TASK PROMPT: Your answer consists of the lines in the data that contain "little". Copy each of them.

________________________________________

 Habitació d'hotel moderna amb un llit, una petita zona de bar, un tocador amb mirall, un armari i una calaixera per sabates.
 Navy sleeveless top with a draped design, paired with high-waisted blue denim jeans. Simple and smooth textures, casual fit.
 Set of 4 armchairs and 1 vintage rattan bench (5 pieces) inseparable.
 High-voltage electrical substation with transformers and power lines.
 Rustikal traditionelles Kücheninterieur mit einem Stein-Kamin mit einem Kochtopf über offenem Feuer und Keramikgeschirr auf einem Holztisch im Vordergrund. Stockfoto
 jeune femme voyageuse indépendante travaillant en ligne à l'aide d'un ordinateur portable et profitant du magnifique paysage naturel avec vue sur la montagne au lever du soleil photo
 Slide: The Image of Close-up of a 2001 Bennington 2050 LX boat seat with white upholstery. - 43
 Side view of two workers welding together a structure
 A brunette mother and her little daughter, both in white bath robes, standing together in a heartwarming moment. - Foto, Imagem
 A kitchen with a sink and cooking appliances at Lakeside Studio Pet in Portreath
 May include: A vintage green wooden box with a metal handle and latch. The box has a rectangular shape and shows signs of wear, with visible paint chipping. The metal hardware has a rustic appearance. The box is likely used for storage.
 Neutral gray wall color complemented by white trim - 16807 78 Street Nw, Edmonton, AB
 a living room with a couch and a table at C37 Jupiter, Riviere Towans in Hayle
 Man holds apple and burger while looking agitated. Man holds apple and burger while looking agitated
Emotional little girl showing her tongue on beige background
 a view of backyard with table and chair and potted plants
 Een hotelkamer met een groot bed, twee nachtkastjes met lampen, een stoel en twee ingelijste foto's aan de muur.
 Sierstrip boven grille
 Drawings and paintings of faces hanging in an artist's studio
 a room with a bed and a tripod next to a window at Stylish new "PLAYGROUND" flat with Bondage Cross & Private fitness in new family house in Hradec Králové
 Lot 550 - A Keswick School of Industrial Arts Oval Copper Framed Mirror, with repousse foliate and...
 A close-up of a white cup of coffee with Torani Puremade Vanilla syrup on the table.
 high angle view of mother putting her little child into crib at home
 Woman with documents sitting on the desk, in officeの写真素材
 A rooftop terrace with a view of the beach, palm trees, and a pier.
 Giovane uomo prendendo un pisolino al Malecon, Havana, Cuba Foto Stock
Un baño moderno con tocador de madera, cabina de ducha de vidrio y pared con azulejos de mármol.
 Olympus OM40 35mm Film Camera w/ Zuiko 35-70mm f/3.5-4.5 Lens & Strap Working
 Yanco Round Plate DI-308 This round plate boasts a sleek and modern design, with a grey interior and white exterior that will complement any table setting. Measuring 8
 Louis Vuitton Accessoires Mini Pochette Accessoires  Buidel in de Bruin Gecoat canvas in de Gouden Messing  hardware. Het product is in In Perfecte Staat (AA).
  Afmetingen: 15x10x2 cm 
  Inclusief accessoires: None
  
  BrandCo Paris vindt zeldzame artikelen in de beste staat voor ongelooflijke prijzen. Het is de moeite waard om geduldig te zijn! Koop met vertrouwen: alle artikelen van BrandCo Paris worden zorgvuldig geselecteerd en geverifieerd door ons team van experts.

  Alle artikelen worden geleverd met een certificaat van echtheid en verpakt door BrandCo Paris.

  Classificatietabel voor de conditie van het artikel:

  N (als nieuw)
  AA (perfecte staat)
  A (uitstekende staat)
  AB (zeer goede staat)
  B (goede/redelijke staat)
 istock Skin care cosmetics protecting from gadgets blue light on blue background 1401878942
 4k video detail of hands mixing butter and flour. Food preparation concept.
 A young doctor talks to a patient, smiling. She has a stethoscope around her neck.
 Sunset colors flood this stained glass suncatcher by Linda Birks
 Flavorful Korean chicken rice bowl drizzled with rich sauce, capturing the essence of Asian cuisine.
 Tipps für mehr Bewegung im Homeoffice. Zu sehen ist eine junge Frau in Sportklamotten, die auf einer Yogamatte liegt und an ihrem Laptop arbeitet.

________________________________________

ANSWER SECTION:
 A brunette mother and her little daughter, both in white bath robes, standing together in a heartwarming moment. - Foto, Imagem
Emotional little girl showing her tongue on beige background
 high angle view of mother putting her little child into crib at home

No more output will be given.